To do — With the line containing "Meridian scrapping sândalo" as the final line, restate exactly every line of the data below from the first one onward, and copy no pictures.

(Records excerpted from a collection)
▼
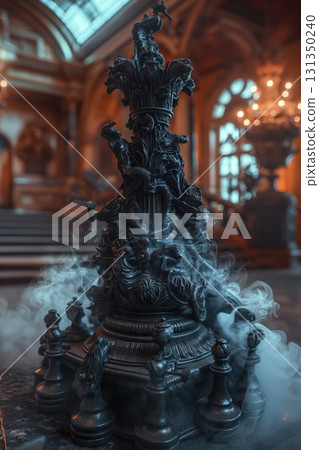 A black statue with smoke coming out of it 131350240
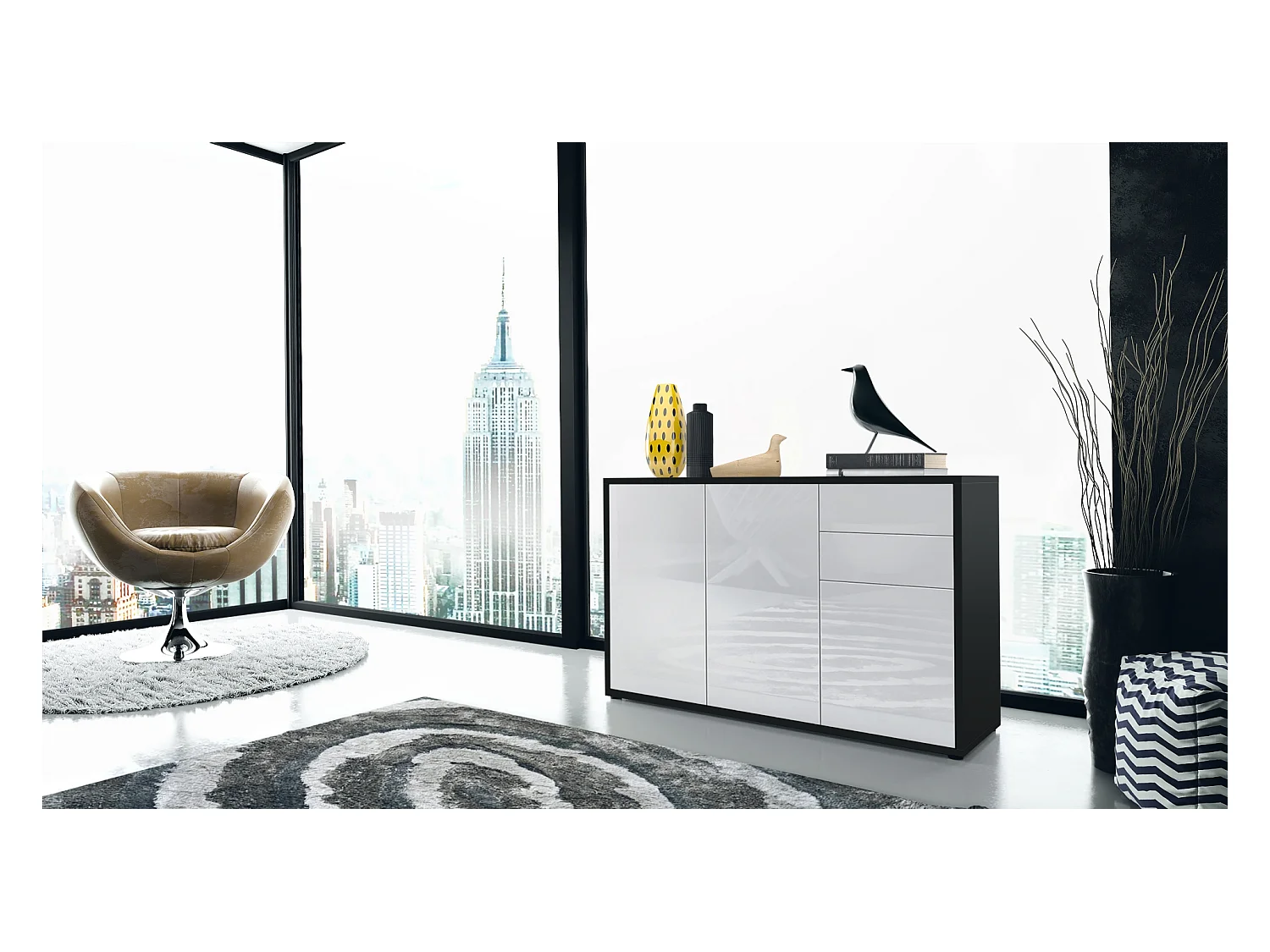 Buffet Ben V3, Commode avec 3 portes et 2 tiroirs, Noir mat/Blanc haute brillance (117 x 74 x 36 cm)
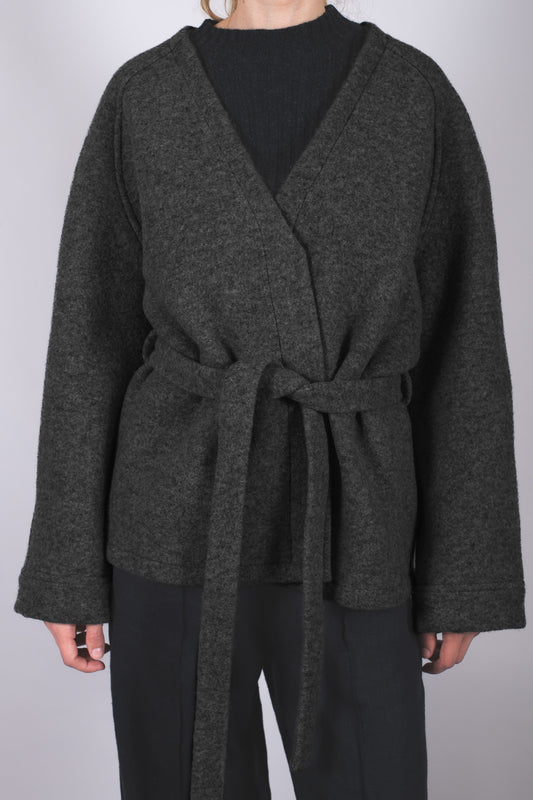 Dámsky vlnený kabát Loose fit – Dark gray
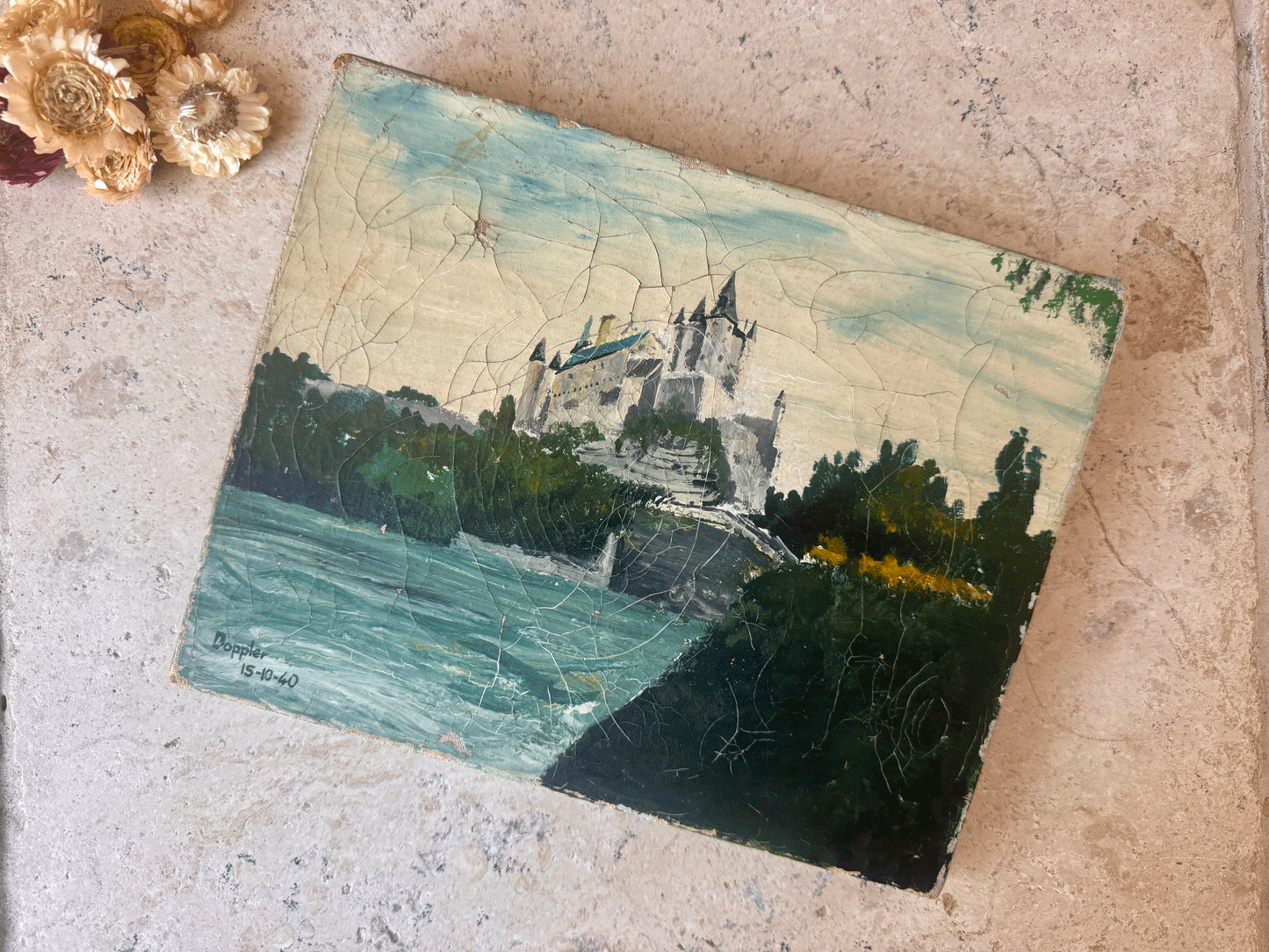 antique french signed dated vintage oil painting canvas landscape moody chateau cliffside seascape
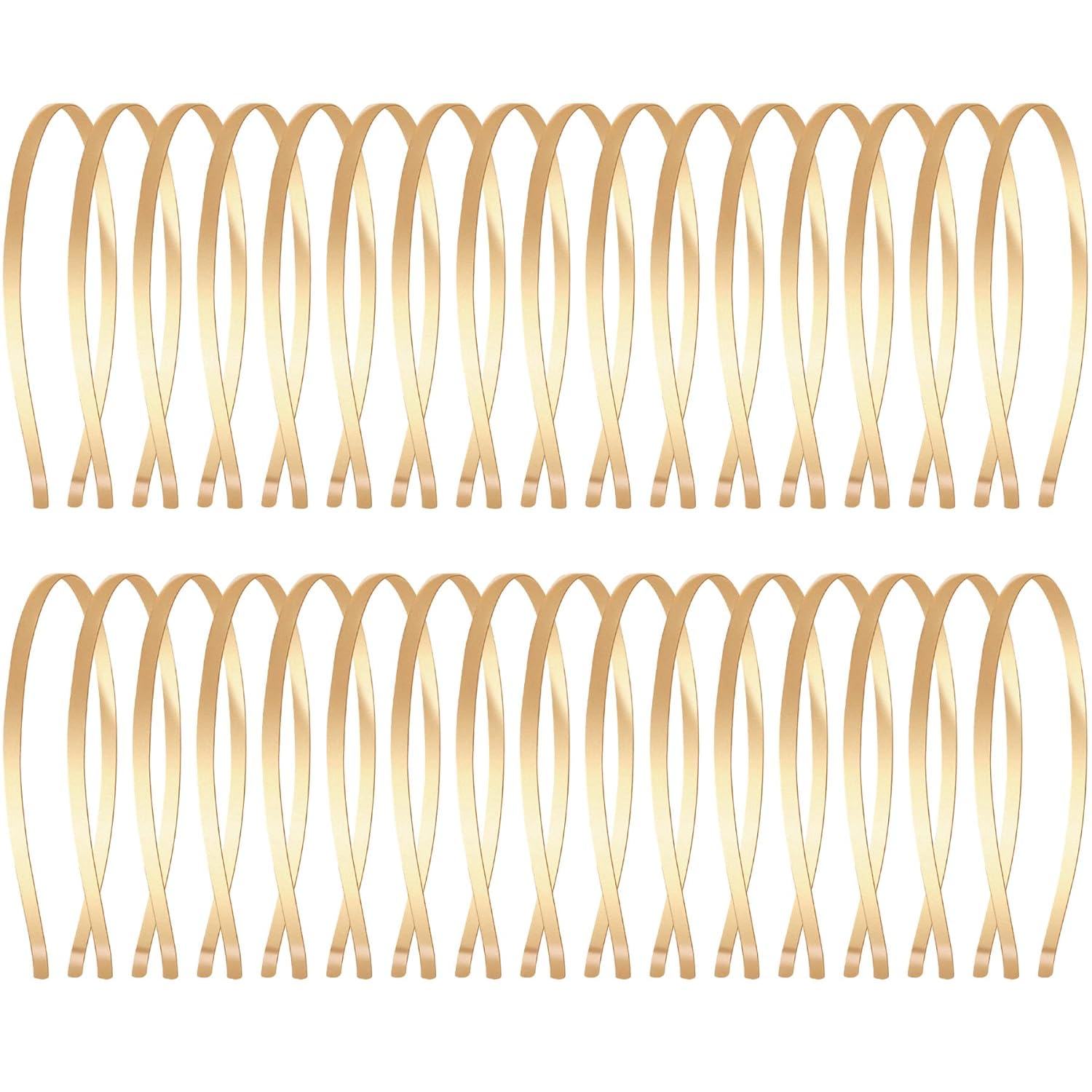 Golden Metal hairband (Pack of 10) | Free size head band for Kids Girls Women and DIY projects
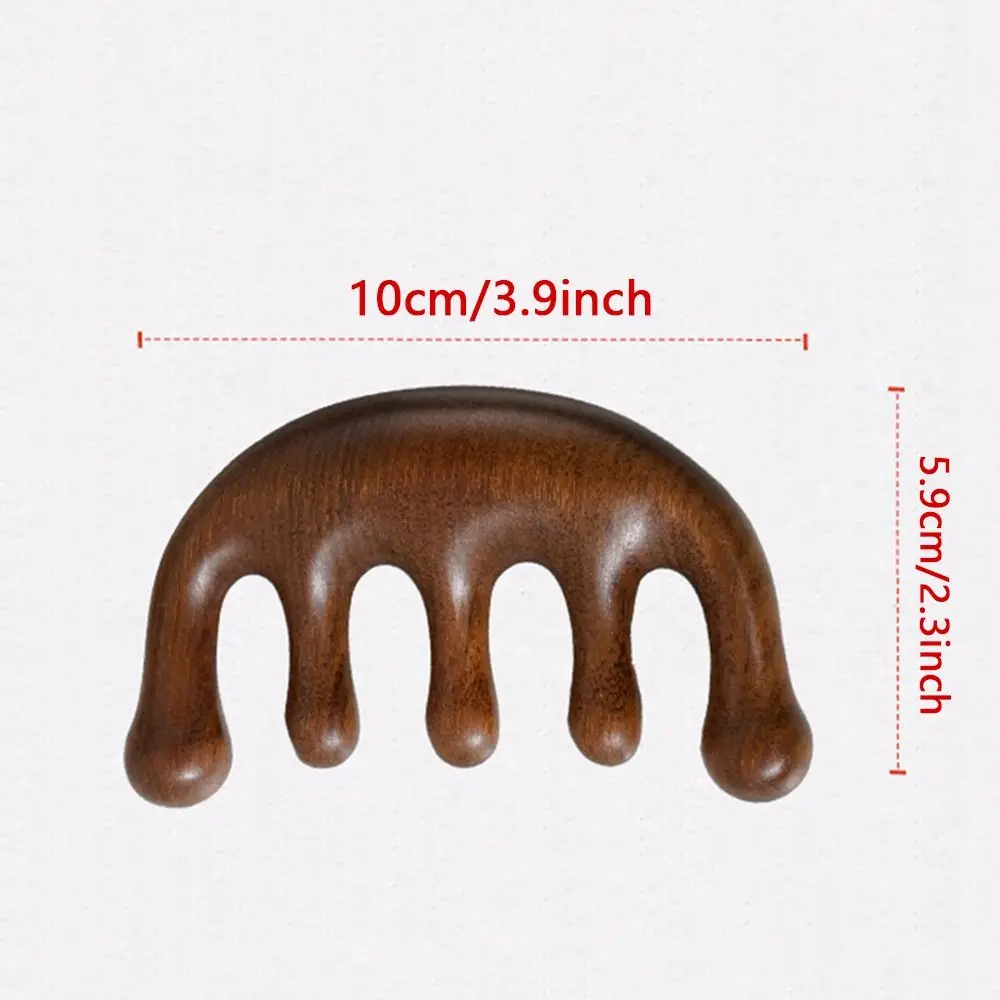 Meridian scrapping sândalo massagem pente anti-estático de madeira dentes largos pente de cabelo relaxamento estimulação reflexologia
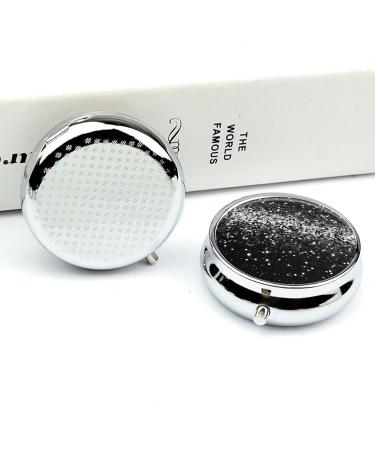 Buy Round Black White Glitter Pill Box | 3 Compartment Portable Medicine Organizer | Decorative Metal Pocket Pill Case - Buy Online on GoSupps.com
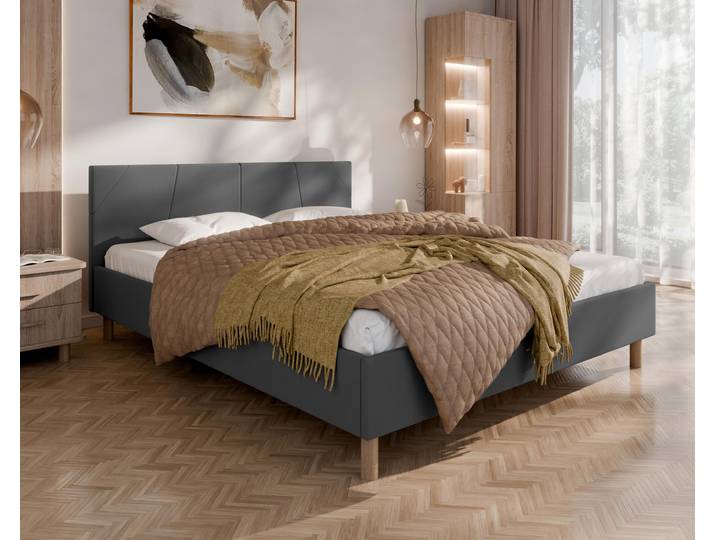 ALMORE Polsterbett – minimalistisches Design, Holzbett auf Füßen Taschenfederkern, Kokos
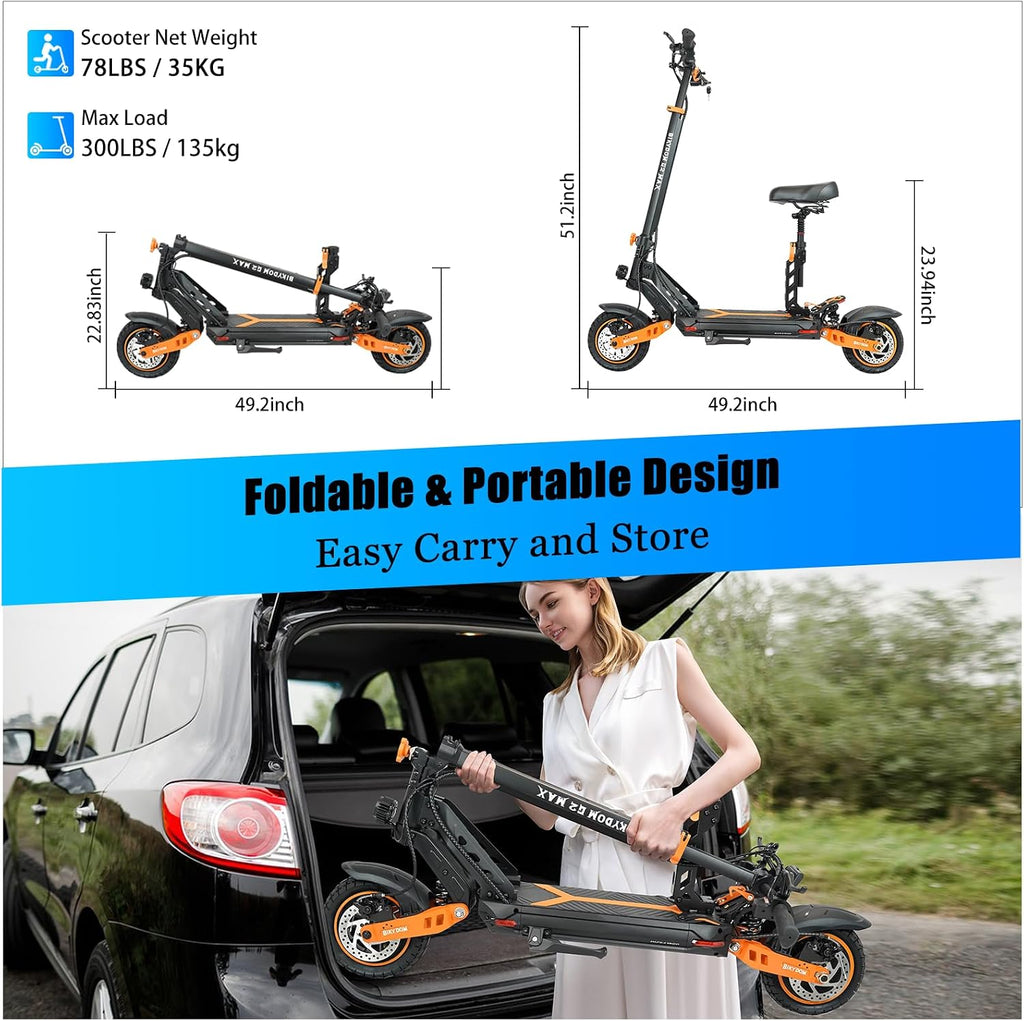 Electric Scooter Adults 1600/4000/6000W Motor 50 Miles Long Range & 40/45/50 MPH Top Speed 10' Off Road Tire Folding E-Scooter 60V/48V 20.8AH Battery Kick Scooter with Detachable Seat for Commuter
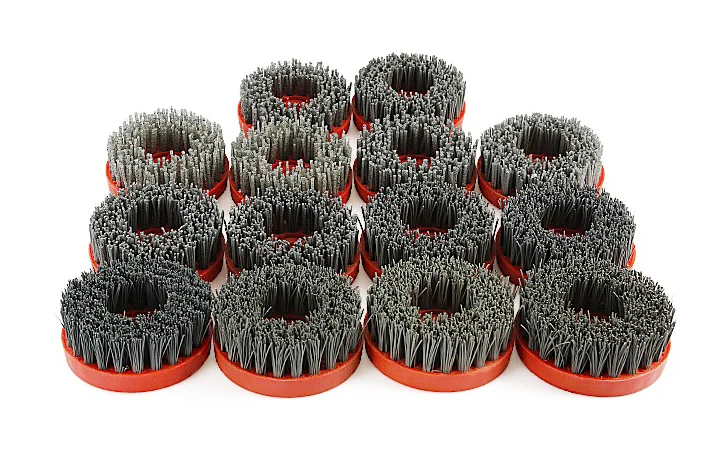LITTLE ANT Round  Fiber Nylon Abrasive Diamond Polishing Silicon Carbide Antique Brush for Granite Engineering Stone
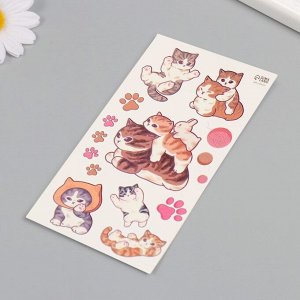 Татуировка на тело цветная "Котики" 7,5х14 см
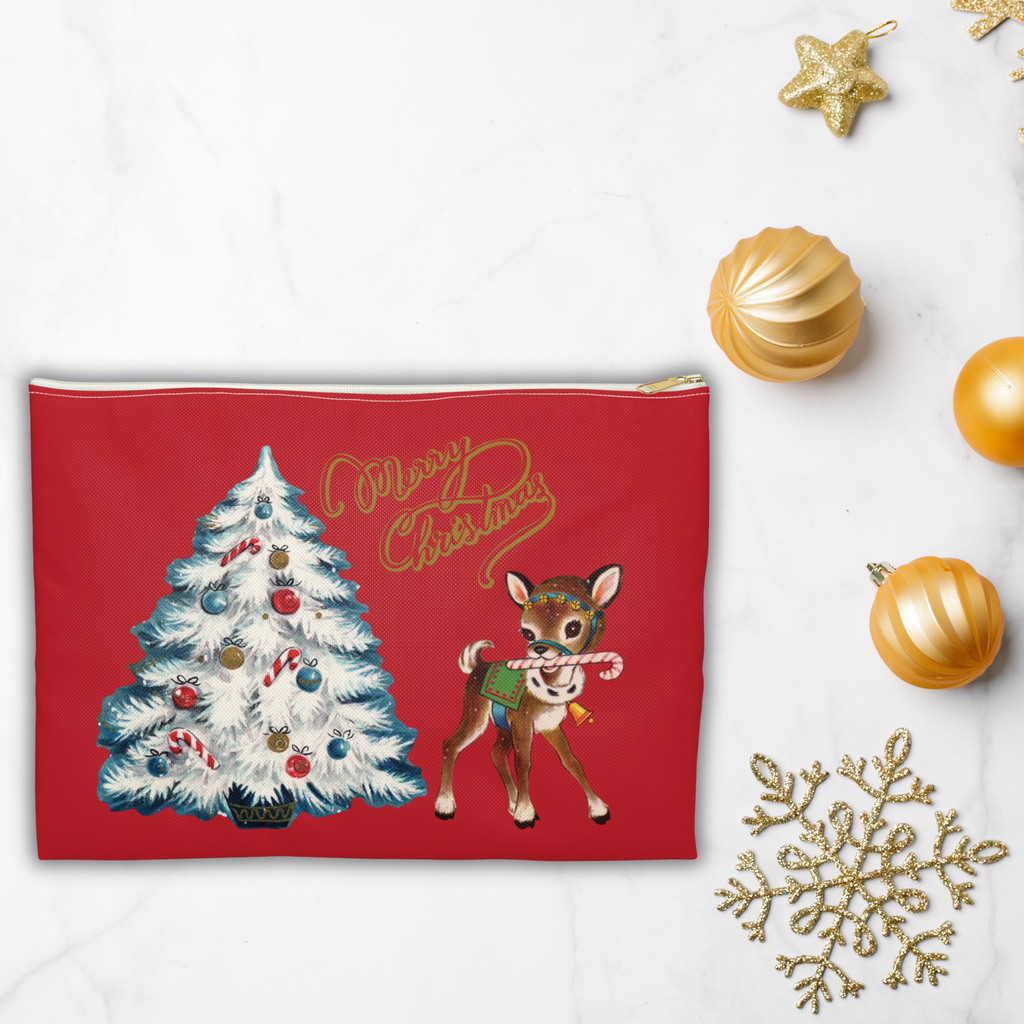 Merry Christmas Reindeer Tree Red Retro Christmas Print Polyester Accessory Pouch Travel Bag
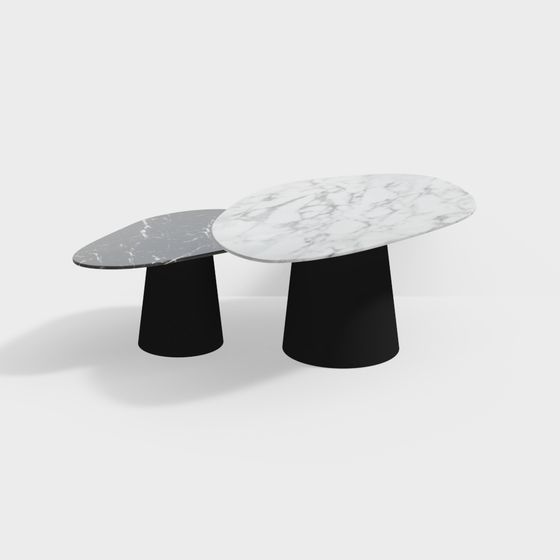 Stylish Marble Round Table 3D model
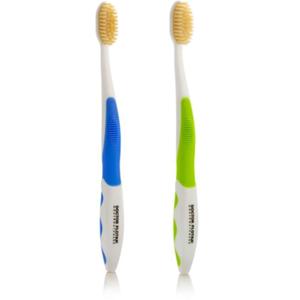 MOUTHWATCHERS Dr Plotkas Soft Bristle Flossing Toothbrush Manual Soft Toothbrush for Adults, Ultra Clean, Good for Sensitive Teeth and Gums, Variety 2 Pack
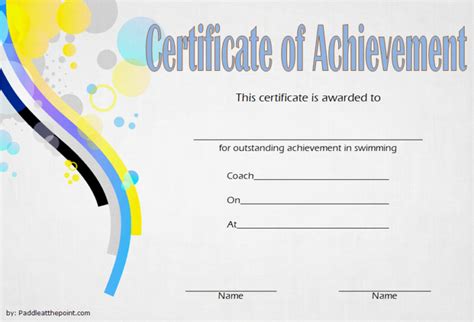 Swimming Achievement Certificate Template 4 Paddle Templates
▲
Written solution —
 A black statue with smoke coming out of it 131350240
 Buffet Ben V3, Commode avec 3 portes et 2 tiroirs, Noir mat/Blanc haute brillance (117 x 74 x 36 cm)
 Dámsky vlnený kabát Loose fit – Dark gray
 antique french signed dated vintage oil painting canvas landscape moody chateau cliffside seascape
 Golden Metal hairband (Pack of 10) | Free size head band for Kids Girls Women and DIY projects
 Meridian scrapping sândalo massagem pente anti-estático de madeira dentes largos pente de cabelo relaxamento estimulação reflexologia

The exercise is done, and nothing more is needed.